__ASSIGNMENT__
For this listing, the lines between the one holding "1207 S Topsail" and the one holding "Audi Q2 Sport", inclusive, must be set down exactly.
>>>
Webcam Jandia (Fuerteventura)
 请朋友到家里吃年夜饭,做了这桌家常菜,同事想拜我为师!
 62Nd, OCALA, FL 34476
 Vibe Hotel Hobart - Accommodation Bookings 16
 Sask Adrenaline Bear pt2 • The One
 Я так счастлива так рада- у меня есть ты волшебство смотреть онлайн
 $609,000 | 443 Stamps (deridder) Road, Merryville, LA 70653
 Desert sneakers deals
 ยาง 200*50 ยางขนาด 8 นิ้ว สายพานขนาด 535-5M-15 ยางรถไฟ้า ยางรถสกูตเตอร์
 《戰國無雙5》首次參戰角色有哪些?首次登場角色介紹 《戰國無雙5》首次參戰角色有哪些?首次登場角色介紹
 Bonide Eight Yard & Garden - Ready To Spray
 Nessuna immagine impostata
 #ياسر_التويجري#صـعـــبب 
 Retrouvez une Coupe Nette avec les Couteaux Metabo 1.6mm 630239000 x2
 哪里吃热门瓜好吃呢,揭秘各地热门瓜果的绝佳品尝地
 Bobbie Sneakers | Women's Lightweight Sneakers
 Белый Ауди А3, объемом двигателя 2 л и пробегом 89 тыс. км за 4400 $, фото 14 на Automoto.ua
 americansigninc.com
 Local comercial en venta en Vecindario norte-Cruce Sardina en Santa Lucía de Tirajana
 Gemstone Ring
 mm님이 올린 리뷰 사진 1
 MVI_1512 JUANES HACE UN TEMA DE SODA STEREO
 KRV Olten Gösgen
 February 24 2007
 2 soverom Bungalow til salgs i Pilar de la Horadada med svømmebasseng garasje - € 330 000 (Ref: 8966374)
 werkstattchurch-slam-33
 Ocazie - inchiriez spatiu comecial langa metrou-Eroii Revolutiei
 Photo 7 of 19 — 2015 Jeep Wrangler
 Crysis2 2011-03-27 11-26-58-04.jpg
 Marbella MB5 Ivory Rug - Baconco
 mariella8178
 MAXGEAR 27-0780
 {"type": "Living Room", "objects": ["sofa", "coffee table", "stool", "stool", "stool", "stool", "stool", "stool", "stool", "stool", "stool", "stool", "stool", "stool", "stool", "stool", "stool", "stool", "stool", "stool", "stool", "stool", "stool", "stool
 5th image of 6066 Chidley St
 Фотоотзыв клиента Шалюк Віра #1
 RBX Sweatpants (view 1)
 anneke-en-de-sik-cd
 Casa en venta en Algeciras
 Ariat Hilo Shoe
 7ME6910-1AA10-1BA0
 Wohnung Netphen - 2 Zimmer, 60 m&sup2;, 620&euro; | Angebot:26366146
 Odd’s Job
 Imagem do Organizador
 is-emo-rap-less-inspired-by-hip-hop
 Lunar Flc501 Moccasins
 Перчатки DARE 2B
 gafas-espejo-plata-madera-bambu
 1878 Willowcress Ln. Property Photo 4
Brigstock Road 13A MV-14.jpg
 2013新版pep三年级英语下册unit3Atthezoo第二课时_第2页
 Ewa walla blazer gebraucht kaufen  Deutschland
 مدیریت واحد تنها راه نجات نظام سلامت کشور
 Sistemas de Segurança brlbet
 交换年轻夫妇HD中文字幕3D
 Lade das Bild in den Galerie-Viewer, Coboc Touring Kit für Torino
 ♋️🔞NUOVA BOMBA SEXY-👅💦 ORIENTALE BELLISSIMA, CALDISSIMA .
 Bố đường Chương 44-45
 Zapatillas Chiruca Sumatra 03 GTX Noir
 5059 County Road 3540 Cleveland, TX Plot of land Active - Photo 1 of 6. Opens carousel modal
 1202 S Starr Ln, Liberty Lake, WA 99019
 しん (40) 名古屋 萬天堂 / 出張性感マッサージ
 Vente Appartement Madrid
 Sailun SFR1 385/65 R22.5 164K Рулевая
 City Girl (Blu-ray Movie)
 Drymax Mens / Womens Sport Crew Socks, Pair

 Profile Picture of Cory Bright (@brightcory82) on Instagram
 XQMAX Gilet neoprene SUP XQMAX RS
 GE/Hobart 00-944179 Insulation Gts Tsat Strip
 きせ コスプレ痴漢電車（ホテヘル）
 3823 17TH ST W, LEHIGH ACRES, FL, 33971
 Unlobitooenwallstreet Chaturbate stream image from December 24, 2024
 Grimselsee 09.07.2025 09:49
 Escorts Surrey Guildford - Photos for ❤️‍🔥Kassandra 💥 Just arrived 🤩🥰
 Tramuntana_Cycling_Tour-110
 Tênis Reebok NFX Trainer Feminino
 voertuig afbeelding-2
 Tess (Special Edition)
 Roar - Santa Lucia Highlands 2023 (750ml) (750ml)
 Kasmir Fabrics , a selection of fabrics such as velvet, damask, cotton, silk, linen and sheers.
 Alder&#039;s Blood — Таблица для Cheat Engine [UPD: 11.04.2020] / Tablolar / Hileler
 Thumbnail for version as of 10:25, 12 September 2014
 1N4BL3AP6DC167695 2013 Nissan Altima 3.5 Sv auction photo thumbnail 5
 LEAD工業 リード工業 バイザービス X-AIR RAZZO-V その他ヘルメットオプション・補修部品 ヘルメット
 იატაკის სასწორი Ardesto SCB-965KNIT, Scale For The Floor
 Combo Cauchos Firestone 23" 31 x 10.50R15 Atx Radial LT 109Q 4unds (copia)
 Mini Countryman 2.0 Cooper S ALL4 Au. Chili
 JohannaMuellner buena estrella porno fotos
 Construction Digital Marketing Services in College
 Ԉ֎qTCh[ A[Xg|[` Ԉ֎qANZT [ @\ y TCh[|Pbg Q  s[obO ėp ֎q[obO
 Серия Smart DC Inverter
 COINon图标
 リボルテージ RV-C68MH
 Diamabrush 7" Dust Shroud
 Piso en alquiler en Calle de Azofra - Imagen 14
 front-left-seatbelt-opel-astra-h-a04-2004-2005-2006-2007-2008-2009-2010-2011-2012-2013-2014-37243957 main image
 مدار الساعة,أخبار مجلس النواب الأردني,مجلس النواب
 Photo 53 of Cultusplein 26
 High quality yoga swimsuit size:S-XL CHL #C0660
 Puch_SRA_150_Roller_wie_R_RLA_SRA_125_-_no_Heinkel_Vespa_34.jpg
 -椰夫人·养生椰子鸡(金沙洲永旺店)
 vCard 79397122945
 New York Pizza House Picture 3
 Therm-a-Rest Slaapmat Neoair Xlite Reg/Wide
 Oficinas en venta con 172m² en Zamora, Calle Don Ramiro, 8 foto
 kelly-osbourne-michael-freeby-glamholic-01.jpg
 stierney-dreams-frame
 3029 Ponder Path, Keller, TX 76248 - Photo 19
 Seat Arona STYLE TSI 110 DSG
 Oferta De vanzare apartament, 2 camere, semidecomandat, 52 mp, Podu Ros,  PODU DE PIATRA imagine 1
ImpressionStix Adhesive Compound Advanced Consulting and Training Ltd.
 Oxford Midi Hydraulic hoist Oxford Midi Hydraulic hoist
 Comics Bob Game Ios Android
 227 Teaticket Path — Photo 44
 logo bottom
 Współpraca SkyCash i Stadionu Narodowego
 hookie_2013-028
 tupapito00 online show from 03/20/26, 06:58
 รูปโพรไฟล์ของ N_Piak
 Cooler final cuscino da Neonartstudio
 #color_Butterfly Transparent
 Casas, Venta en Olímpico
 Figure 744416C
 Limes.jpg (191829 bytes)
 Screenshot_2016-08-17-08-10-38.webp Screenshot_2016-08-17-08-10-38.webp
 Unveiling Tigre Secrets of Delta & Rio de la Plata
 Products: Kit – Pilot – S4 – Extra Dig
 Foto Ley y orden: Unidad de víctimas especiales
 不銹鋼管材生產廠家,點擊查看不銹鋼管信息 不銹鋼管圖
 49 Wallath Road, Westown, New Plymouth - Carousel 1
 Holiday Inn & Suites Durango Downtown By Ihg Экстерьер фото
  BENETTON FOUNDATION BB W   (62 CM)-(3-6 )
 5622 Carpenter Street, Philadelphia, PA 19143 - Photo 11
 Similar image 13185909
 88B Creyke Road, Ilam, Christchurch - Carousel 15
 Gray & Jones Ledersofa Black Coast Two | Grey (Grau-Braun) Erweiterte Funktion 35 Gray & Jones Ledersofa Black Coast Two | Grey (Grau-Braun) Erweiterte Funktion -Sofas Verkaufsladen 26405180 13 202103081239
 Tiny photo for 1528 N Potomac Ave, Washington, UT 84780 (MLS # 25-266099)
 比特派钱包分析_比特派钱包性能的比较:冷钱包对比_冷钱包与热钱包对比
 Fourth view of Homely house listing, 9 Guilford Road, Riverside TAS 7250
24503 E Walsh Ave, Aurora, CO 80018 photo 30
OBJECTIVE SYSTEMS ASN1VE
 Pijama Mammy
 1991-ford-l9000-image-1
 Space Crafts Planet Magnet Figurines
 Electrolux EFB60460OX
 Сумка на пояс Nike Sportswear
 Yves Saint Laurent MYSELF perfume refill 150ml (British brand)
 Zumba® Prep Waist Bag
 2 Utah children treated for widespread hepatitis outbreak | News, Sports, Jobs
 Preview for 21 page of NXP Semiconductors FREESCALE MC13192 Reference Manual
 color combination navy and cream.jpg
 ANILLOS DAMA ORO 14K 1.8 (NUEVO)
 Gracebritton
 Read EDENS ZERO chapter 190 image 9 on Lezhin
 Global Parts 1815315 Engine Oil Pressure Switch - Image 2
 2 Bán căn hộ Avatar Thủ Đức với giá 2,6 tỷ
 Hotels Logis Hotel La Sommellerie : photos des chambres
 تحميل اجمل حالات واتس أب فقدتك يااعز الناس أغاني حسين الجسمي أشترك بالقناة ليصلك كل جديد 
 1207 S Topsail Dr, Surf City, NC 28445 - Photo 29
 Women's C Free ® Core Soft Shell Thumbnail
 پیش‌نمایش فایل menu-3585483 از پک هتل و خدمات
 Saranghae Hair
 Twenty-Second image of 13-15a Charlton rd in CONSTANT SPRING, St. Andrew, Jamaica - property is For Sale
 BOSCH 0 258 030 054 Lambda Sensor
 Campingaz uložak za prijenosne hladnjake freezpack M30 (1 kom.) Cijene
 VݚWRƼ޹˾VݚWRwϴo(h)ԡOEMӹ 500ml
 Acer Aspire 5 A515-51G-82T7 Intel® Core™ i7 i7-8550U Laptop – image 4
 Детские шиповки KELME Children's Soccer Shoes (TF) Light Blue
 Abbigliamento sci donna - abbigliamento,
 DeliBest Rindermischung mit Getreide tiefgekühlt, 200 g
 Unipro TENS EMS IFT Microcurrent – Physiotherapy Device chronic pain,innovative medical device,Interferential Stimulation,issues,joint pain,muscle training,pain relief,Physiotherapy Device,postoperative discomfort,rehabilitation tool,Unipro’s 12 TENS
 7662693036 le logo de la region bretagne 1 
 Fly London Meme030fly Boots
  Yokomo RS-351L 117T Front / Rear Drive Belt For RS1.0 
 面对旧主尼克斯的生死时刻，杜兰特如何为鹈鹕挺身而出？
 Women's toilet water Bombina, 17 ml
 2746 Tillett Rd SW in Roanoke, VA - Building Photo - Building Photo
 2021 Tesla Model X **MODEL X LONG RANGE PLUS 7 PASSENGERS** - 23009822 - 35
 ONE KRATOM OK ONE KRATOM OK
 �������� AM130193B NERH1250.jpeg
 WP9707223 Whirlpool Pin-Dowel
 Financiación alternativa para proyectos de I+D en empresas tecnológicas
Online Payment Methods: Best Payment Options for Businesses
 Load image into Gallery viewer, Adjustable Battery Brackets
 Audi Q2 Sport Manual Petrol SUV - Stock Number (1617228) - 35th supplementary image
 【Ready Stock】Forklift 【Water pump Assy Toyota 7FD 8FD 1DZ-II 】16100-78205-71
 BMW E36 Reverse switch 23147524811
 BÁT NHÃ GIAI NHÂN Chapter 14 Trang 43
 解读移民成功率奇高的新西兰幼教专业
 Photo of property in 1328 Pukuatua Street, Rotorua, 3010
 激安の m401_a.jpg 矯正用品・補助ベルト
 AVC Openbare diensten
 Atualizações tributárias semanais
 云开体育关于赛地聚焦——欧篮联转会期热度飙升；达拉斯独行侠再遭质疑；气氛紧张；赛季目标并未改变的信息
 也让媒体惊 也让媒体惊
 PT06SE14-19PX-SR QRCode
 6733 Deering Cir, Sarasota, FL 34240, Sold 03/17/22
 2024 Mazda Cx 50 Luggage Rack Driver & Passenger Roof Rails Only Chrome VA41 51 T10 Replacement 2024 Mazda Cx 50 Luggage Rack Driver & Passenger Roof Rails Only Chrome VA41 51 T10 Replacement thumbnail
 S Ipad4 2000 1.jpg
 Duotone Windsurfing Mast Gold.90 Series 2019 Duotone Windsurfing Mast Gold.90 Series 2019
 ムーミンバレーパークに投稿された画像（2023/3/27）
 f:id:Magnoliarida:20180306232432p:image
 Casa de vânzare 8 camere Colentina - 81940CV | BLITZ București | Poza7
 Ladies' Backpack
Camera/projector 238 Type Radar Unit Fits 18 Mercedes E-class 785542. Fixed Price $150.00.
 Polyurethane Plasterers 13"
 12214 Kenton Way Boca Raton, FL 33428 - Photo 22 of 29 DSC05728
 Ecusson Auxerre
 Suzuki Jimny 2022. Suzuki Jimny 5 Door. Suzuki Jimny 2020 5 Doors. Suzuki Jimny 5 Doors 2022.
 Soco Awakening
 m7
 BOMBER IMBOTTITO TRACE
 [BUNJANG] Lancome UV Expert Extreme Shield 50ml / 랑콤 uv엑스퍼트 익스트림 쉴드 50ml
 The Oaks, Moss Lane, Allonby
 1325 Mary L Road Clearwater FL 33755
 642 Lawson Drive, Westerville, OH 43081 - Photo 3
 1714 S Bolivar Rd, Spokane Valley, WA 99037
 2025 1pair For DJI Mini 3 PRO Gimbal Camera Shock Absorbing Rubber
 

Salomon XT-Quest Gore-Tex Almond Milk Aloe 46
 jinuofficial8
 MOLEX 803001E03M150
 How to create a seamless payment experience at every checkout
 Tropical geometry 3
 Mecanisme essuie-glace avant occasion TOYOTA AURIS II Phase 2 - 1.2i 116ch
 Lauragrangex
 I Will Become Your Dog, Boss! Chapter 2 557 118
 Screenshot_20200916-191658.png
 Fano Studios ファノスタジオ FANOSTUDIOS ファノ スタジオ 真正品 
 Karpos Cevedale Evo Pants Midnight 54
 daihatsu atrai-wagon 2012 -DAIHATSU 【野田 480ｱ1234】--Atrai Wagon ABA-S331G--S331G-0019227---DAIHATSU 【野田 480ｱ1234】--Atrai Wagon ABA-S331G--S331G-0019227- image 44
<<<
__TASK RESPONSE__
 1207 S Topsail Dr, Surf City, NC 28445 - Photo 29
 Women's C Free ® Core Soft Shell Thumbnail
 پیش‌نمایش فایل menu-3585483 از پک هتل و خدمات
 Saranghae Hair
 Twenty-Second image of 13-15a Charlton rd in CONSTANT SPRING, St. Andrew, Jamaica - property is For Sale
 BOSCH 0 258 030 054 Lambda Sensor
 Campingaz uložak za prijenosne hladnjake freezpack M30 (1 kom.) Cijene
 VݚWRƼ޹˾VݚWRwϴo(h)ԡOEMӹ 500ml
 Acer Aspire 5 A515-51G-82T7 Intel® Core™ i7 i7-8550U Laptop – image 4
 Детские шиповки KELME Children's Soccer Shoes (TF) Light Blue
 Abbigliamento sci donna - abbigliamento,
 DeliBest Rindermischung mit Getreide tiefgekühlt, 200 g
 Unipro TENS EMS IFT Microcurrent – Physiotherapy Device chronic pain,innovative medical device,Interferential Stimulation,issues,joint pain,muscle training,pain relief,Physiotherapy Device,postoperative discomfort,rehabilitation tool,Unipro’s 12 TENS
 7662693036 le logo de la region bretagne 1 
 Fly London Meme030fly Boots
  Yokomo RS-351L 117T Front / Rear Drive Belt For RS1.0 
 面对旧主尼克斯的生死时刻，杜兰特如何为鹈鹕挺身而出？
 Women's toilet water Bombina, 17 ml
 2746 Tillett Rd SW in Roanoke, VA - Building Photo - Building Photo
 2021 Tesla Model X **MODEL X LONG RANGE PLUS 7 PASSENGERS** - 23009822 - 35
 ONE KRATOM OK ONE KRATOM OK
 �������� AM130193B NERH1250.jpeg
 WP9707223 Whirlpool Pin-Dowel
 Financiación alternativa para proyectos de I+D en empresas tecnológicas
Online Payment Methods: Best Payment Options for Businesses
 Load image into Gallery viewer, Adjustable Battery Brackets
 Audi Q2 Sport Manual Petrol SUV - Stock Number (1617228) - 35th supplementary image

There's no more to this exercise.